**EXERCISE DATA:**
*** Begin section ***

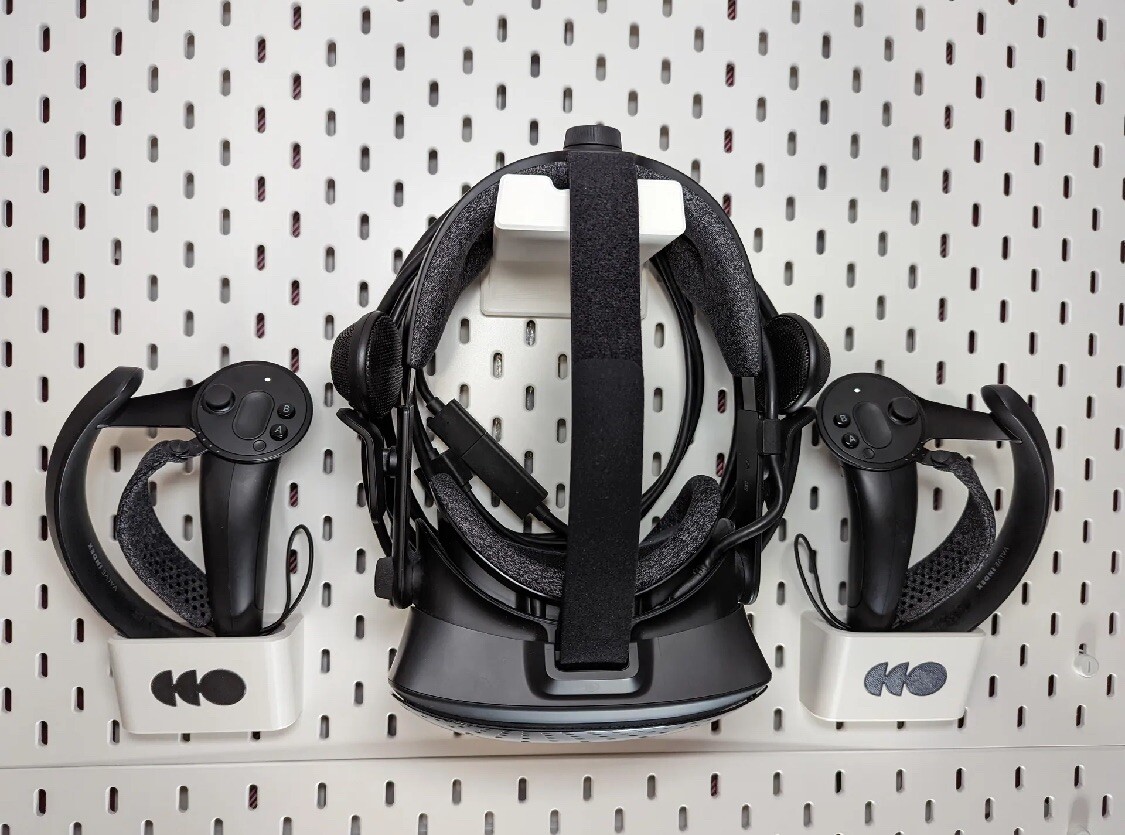 IKEA Skadis Valve Index Holder with Charging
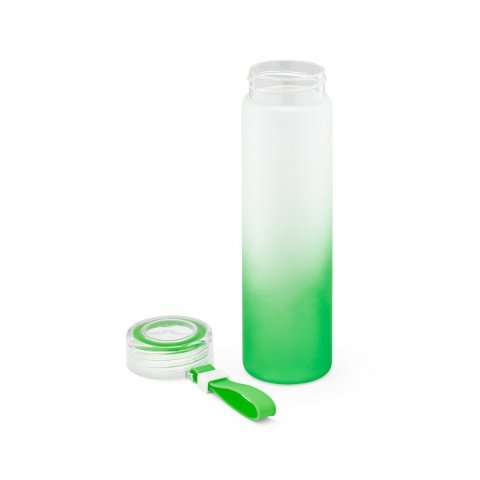 WILLIAMS. Squeeze em vidro borossilicato com al&ccedil;a (470 mL) - Verde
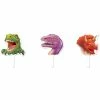 Creative Converting Kids Birthday Party Themes Dinosaur Cupcake Topper, 12 Ct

*** End section ***

**WORK INSTRUCTION:** Reproduce the data verbatim. Do not carry any picture into the copy.

**ANSWER TO THIS EXERCISE:**
 IKEA Skadis Valve Index Holder with Charging
 WILLIAMS. Squeeze em vidro borossilicato com al&ccedil;a (470 mL) - Verde
 Creative Converting Kids Birthday Party Themes Dinosaur Cupcake Topper, 12 Ct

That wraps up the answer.